Soundtrack album by various artists
- Released: December 14, 2004
- Length: 59:58
- Label: Hollywood
- Producers: Mark Mothersbaugh Robert Casale Wes Anderson

= The Life Aquatic with Steve Zissou (soundtrack) =

The Life Aquatic with Steve Zissou is a 2004 soundtrack to the Wes Anderson film of the same name.

Professional ratings
Review scores
| Source | Rating |
| Allmusic | Star |

==Track listing==
1. "Shark Attack Theme" – Sven Libaek
2. Loquasto International Film Festival – Mark Mothersbaugh
3. "Life on Mars?" – David Bowie
4. "Starman" – Seu Jorge
5. Let Me Tell You About My Boat – Mark Mothersbaugh
6. "Rebel Rebel" – Seu Jorge
7. Zissou Society Blue Star Cadets / Ned's Theme Take 1 – Mark Mothersbaugh
8. "Gut Feeling" – Devo
9. "Open Sea Theme" – Sven Libaek
10. "Rock & Roll Suicide" – Seu Jorge
11. "Here's To You" – Ennio Morricone featuring Joan Baez
12. We Call Them Pirates Out Here – Mark Mothersbaugh
13. "Search and Destroy" – The Stooges
14. "La Niña de Puerta Oscura" – Paco de Lucía
15. "Life on Mars?" – Seu Jorge
16. Ping Island / Lightning Strike Rescue Op – Mark Mothersbaugh
17. "Five Years" – Seu Jorge
18. "30 Century Man" – Scott Walker
19. "The Way I Feel Inside" – The Zombies
20. "Queen Bitch" – David Bowie

==Production==

Several songs are featured in the film but do not appear on the soundtrack, including "Starálfur" by Sigur Rós (from the climactic Jaguar shark scene), and some of Seu Jorge's performances of David Bowie songs.

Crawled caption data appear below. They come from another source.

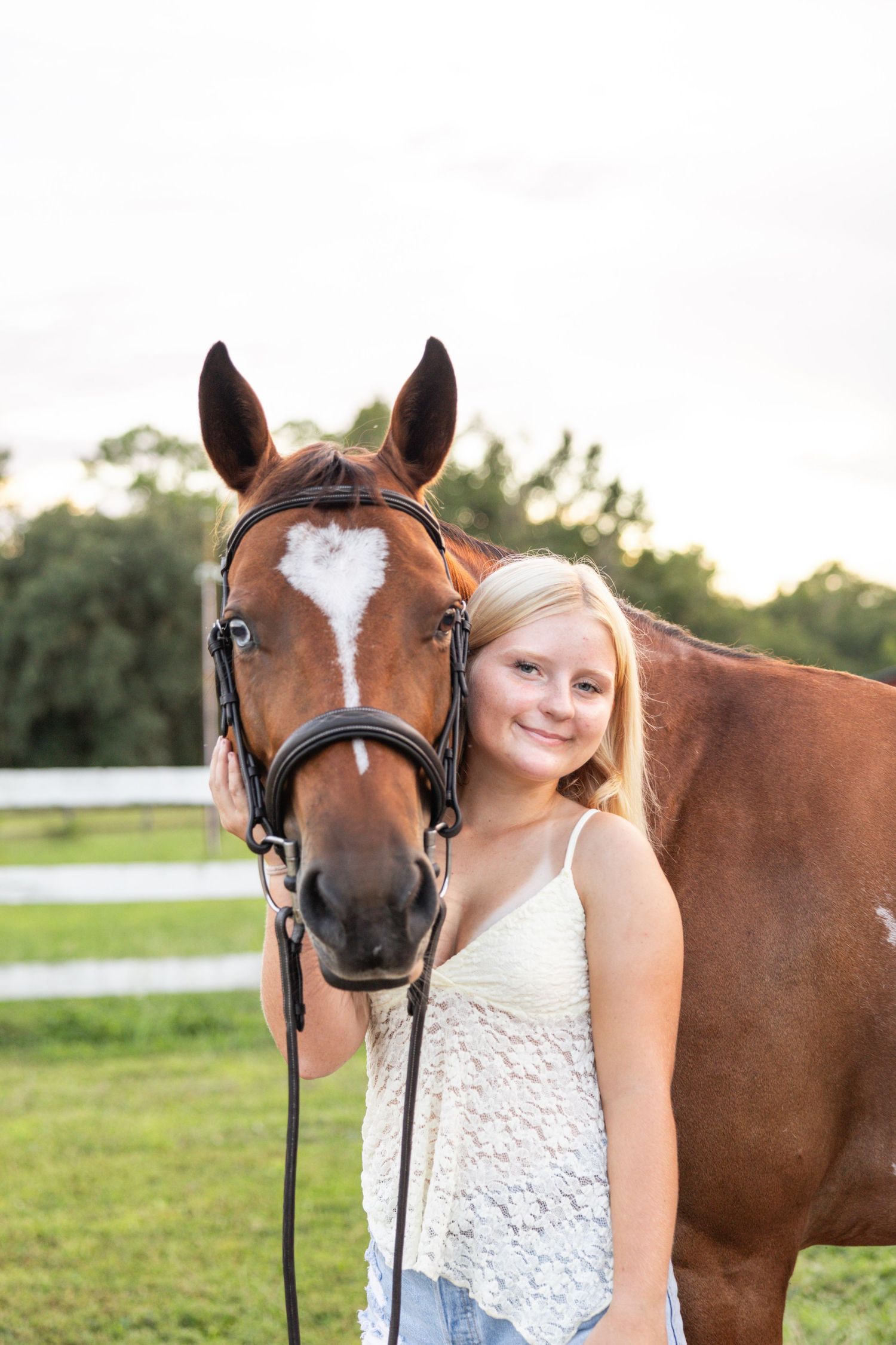 Smiling blonde girl posing with a chestnut horse with a heart-shaped blaze in a green pasture.
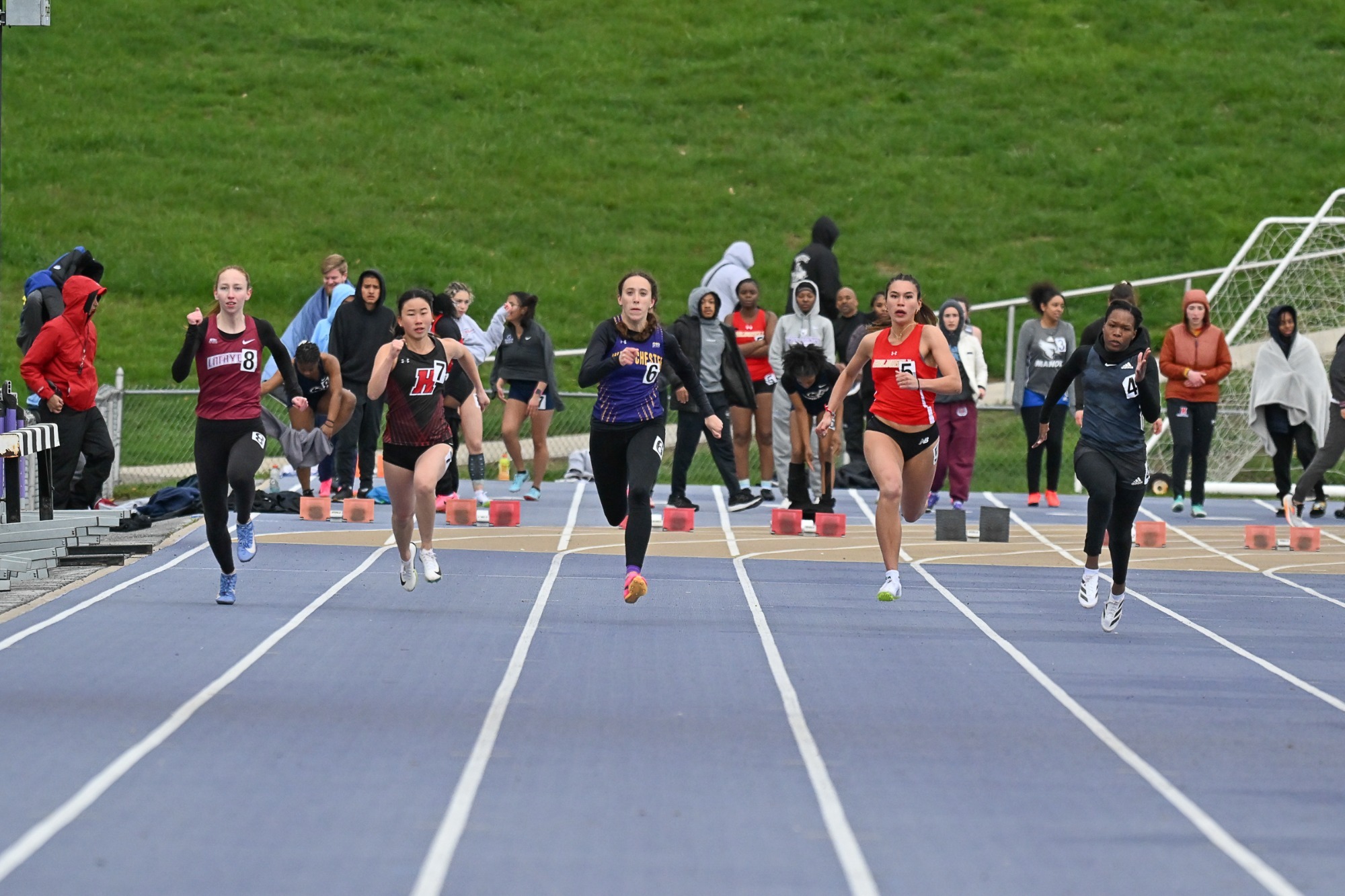 Ava Mills running in 100 in purple racing top and black pants at 2025 Bill Butler Invitational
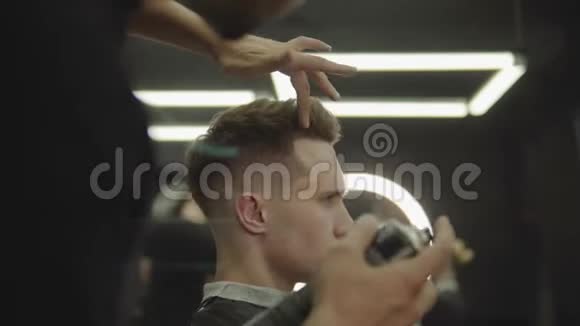 理发师在理发店理发后用喷发剂做发型年轻英俊的白种人视频的预览图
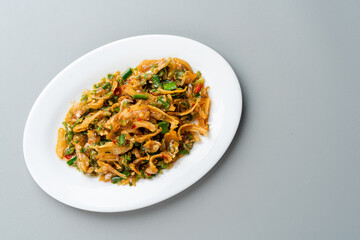 Fried anchovy cooked with green chili or ikan teri cabe ijo is a traditional food from west sumatra, Indonesia. served on white plate and isolated on gray background.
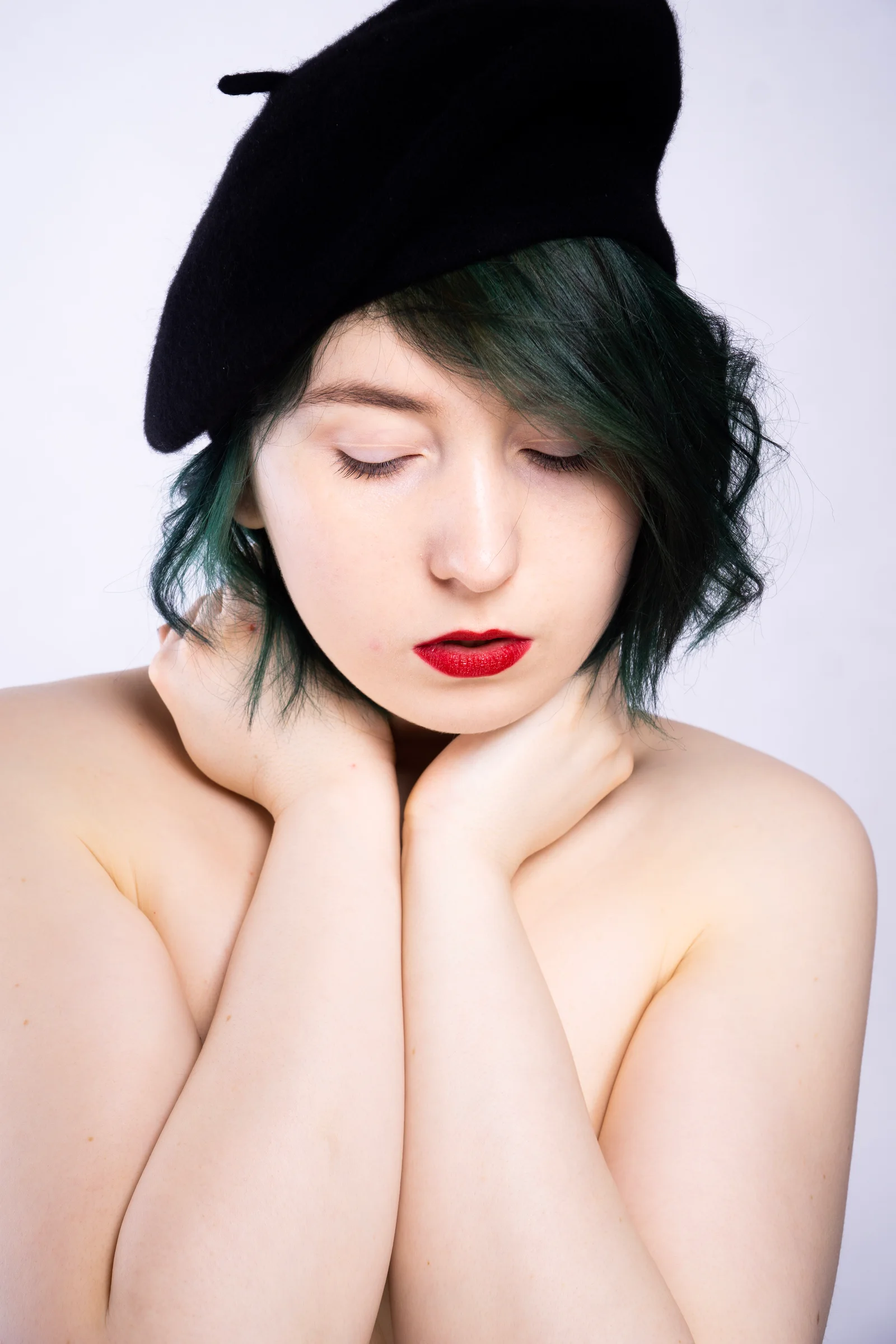 Editorial portrait black beret red lipstick
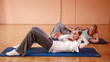 Women doing crunches in gym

A more complete compilation of Seu Jorge's performances can be found on The Life Aquatic Studio Sessions Featuring Seu Jorge (released by Hollywood Records on November 22, 2005). The two-disc Criterion Collection release of the movie also features his performances as a special feature.

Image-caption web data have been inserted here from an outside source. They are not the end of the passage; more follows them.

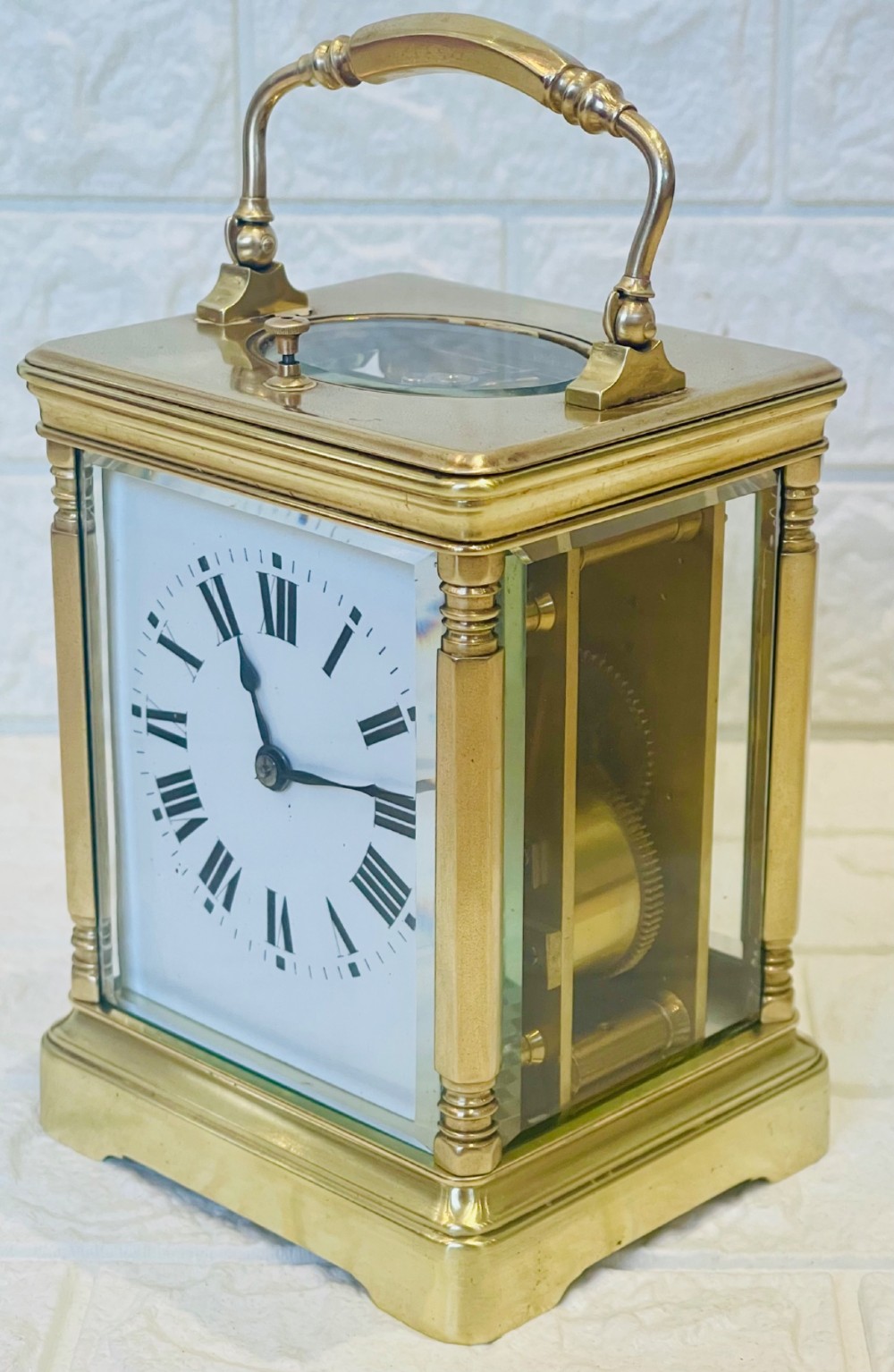 A rectangular brass carriage clock featuring a hinged carrying handle, bevelled glass panels, a top repeat button, and a white enamel dial with black Roman numerals. View II
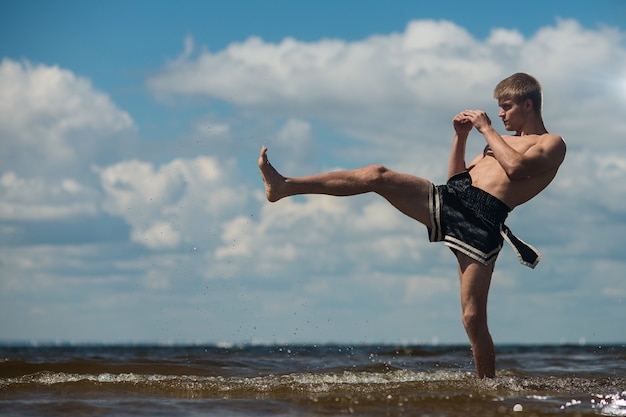 Kickboxer tritt im Sommer im Freien gegen das Meer.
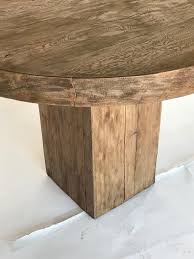 Designed by komplot design in 2013, the gubi dining tables have a traditional scandinavian design aesthetic, with their wooden base matching their table top and their simple yet soft lines. Custom Rustic Modern Round Table With Square Base For Sale At 1stdibs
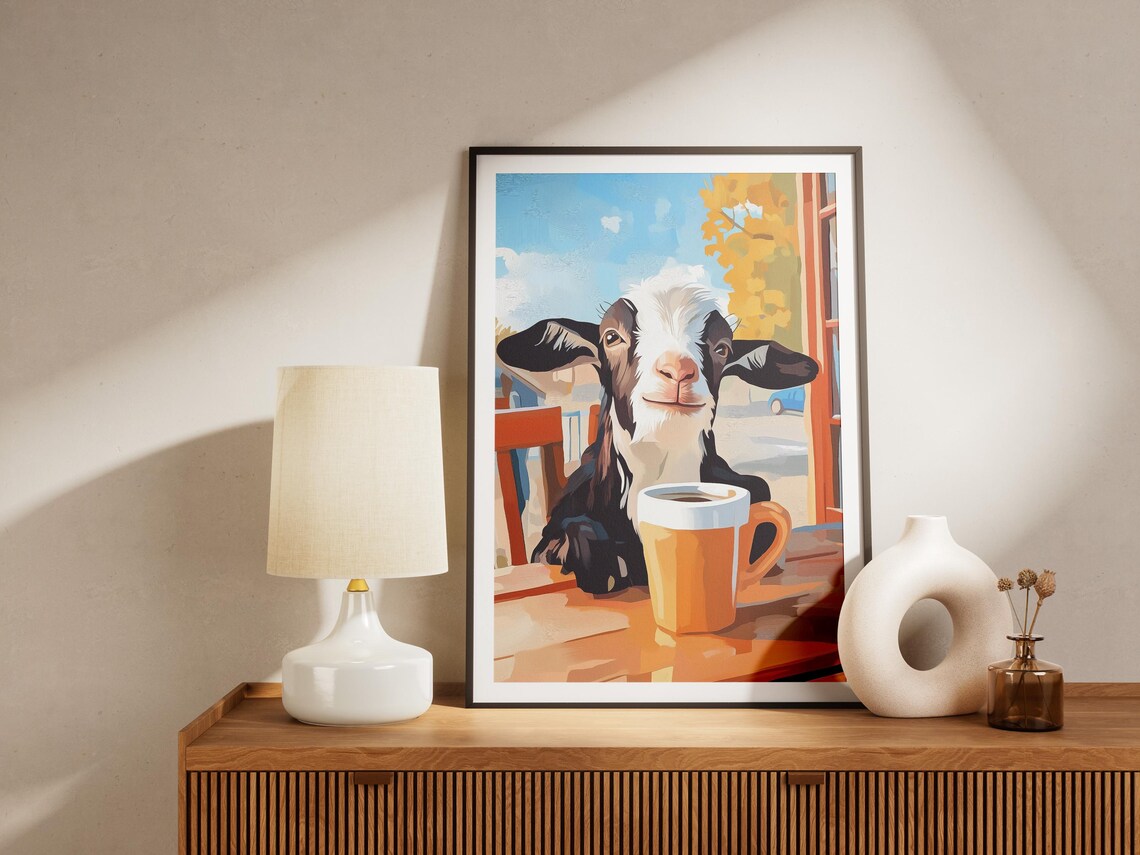 Adorable Baby Goat with Big Ears and an Orange Coffee Mug Poster - Image 4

The soundtrack includes several instrumental pieces by Australian composer Sven Libaek – originally written for the 1970s Australian TV documentary series Inner Space by Ron Taylor and Valerie Taylor – which Anderson reportedly selected at the suggestion of actor Noah Taylor. "Shark Attack Theme" is a variation on the series' main title music; "Open Sea Theme's" original title is "Thatcherie".

In addition to the use of both original David Bowie recordings and Bowie covers by Seu Jorge, the soundtrack includes two songs – "Search and Destroy" by The Stooges, and "Gut Feeling" by Devo, that had been produced or co-produced by Bowie.

Although Anderson worked with Devo cofounder Mark Mothersbaugh for the soundtrack for this and all of his prior movies, this soundtrack marks the first time one of Devo's songs, "Gut Feeling," was used in a Wes Anderson film. Mothersbaugh's Devo bandmate Bob Casale (aka "Bob 2") co-produced the soundtrack with Mothersbaugh.